(Captioned web images)
= = = = =
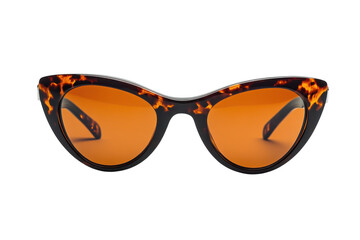 Stylish cat-eye sunglasses with orange lenses and leopard print frames for trendy summer looks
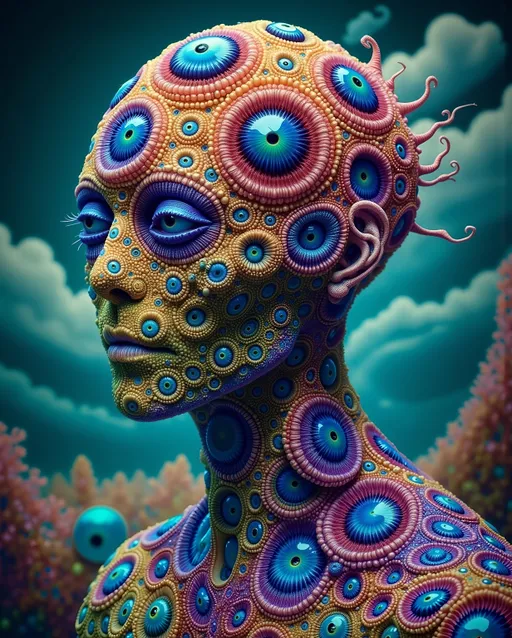 Prompt: An extremely super hyper detailed hyperrealistic weird surreal trippy psychedelic entity manifests, adorned with a multitude of psychedelic compound human eyes, arranged meticulously in a Fibonacci Spiral tiling pattern. These eyes, vibrant and entrancing, create a mesmerizing visual symphony. Rows upon rows of psychedelic teeth form a fractal-like pattern akin to the Mandelbrot Set, spiraling endlessly.

The entity's skin is a shimmering tapestry of iridescent Ammolite, displaying a spectrum of colors that shift with every movement. Interspersed are cubic Fluorite crystals in pale yellow, contrasting vividly with the backdrop. Swirling through its form are veins of Charoite, vivid purple strands weaving cosmic energy throughout its being.

On a microscopic level, Quantum Foam bubbles and fluctuates, giving the entity an ethereal, ever-changing appearance. Vibrating Quantum Strings hint at the fundamental nature of its existence, while Quantum Entanglement weaves an invisible web, linking its myriad parts in a dance of interconnectedness.

The background is a surreal landscape inspired by the Voronoi Tiling pattern, resembling an infinite cellular structure. The ground is a mosaic of royal blue Sodalite, with veins of white calcite creating a natural yet otherworldly pattern. Above, a sky of swirling Quantum Wave Functions paints a picture of potential realities, each wave a probability, each crest a possibility.

This entity embodies the fusion of mathematical precision and quantum chaos, a creation born from the abstract merging of natural, microscopic elements, minerals, and quantum phenomena, existing in a realm where reality and imagination blur into one.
= = = = =
◆ TASK STATEMENT ◆
Quote all of the entries word for word, omitting any pictures.

◆ ANSWER ◆
 Stylish cat-eye sunglasses with orange lenses and leopard print frames for trendy summer looks
 Prompt: An extremely super hyper detailed hyperrealistic weird surreal trippy psychedelic entity manifests, adorned with a multitude of psychedelic compound human eyes, arranged meticulously in a Fibonacci Spiral tiling pattern. These eyes, vibrant and entrancing, create a mesmerizing visual symphony. Rows upon rows of psychedelic teeth form a fractal-like pattern akin to the Mandelbrot Set, spiraling endlessly.

The entity's skin is a shimmering tapestry of iridescent Ammolite, displaying a spectrum of colors that shift with every movement. Interspersed are cubic Fluorite crystals in pale yellow, contrasting vividly with the backdrop. Swirling through its form are veins of Charoite, vivid purple strands weaving cosmic energy throughout its being.

On a microscopic level, Quantum Foam bubbles and fluctuates, giving the entity an ethereal, ever-changing appearance. Vibrating Quantum Strings hint at the fundamental nature of its existence, while Quantum Entanglement weaves an invisible web, linking its myriad parts in a dance of interconnectedness.

The background is a surreal landscape inspired by the Voronoi Tiling pattern, resembling an infinite cellular structure. The ground is a mosaic of royal blue Sodalite, with veins of white calcite creating a natural yet otherworldly pattern. Above, a sky of swirling Quantum Wave Functions paints a picture of potential realities, each wave a probability, each crest a possibility.

This entity embodies the fusion of mathematical precision and quantum chaos, a creation born from the abstract merging of natural, microscopic elements, minerals, and quantum phenomena, existing in a realm where reality and imagination blur into one.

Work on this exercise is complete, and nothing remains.